To conclude this section, we can highlight (i) that the CRUX problem proposed in Section 2 can be tackled using RL; under different traffic characteristics and RL methods, the target QoS is assured with reduced overprovisioning; (ii) online RL operation leads to traffic loss at the beginning of flow capacity operation; this fact prevents us from using RL until online learning has come up with a robust and reliable model to guarantee autonomous flow operation; and (iii) the comparison of the RL methods shows interesting differences among them. While Q-learning learns fast, it also produces larger overprovisioning. D3QN and TD3 need more time to ensure zero loss and adjust QoS at the benefit of reducing overprovisioning.

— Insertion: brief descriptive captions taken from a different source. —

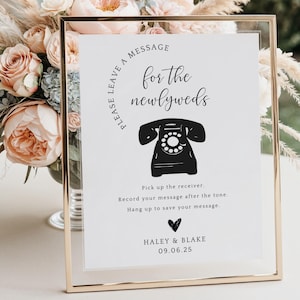 Printable Audio Guestbook Sign Template, Telephone Wedding Guestbook, Voicemail Guestbook Sign, Phone Message Guestbook, Leave a Message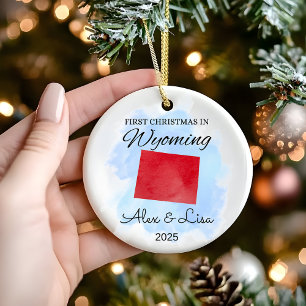 Cerâmica Primeiro Natal no Ornamento Estatal de Wyoming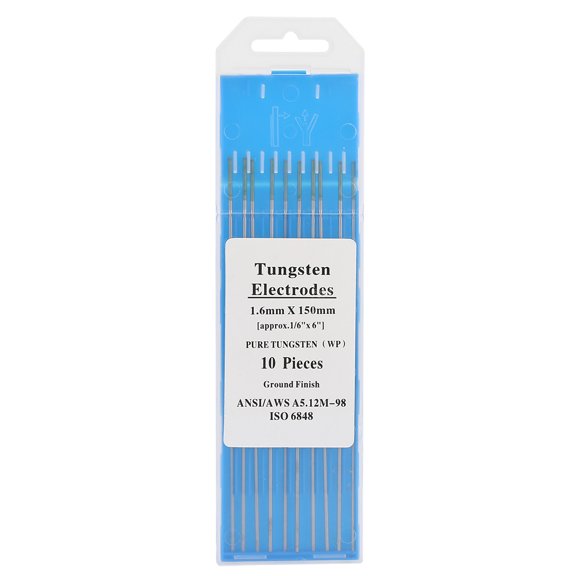 10Pcs Pure Tungsten Electrodes WP Green Tip for AC Welding 2.0*150mm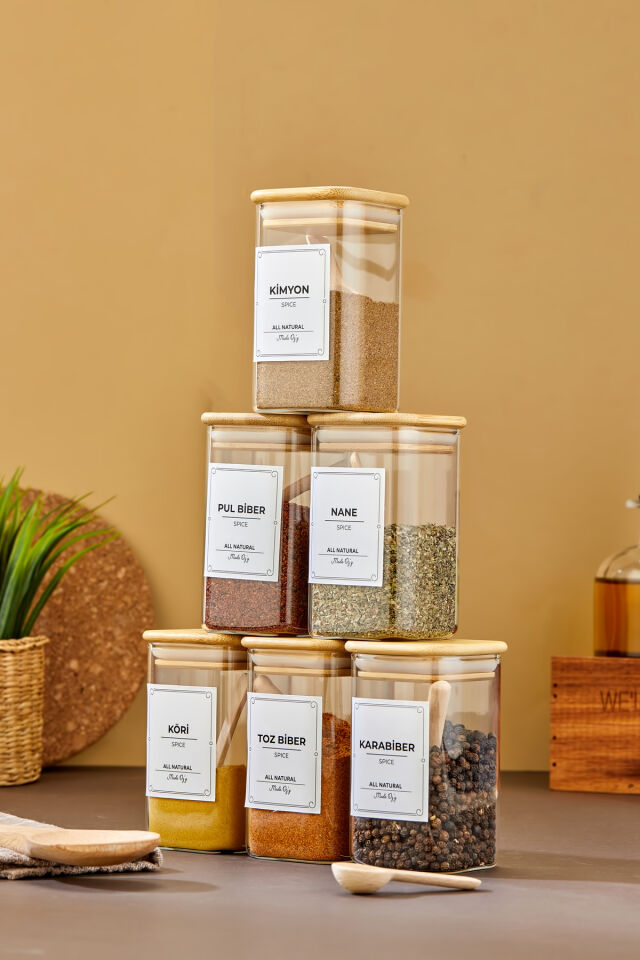 6'lı 250ml KARE Bambu Vakum Kapaklı Kaşıklı Borosilikat Baharat Takımı (Etiket Hediyeli)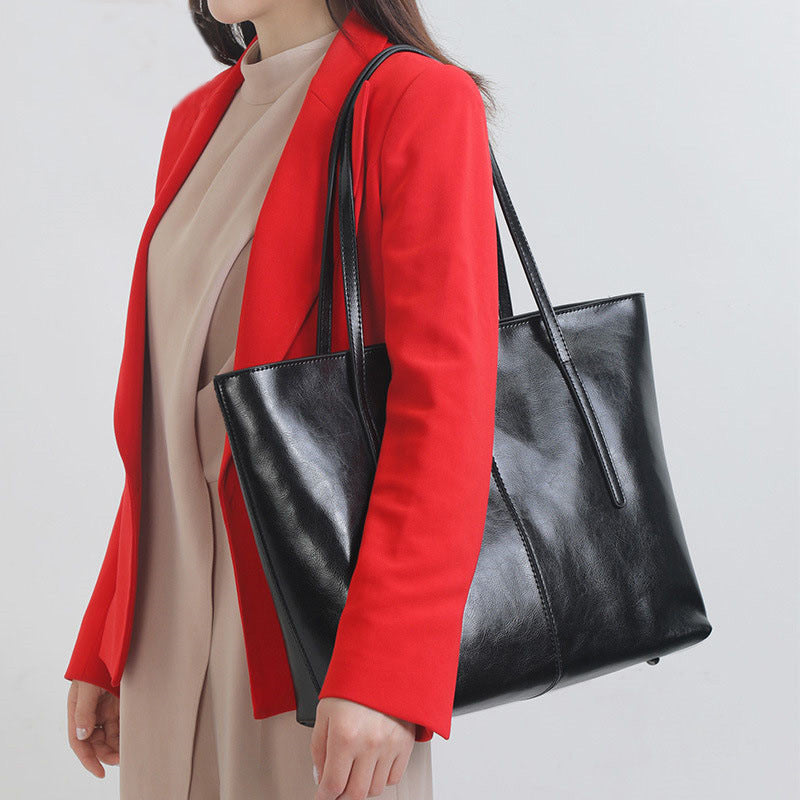 New Women's Fashion Shoulder Cowhide Large Capacity Women's Bag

5.2. Offline Leaning + Online RL-Based Operation

Let us now focus on evaluating the operational approach detailed in Section 4 (Figure 2b), which consists of three phases. Before emulating flow operation, we generated synthetic data for all the traffic variances following the sinusoidal traffic pattern and used them to pre-train generic models independently for each traffic configuration and RL method. We ran every offline RL training for 14,400 episodes to guarantee QoS assurance with minimum overprovisioning.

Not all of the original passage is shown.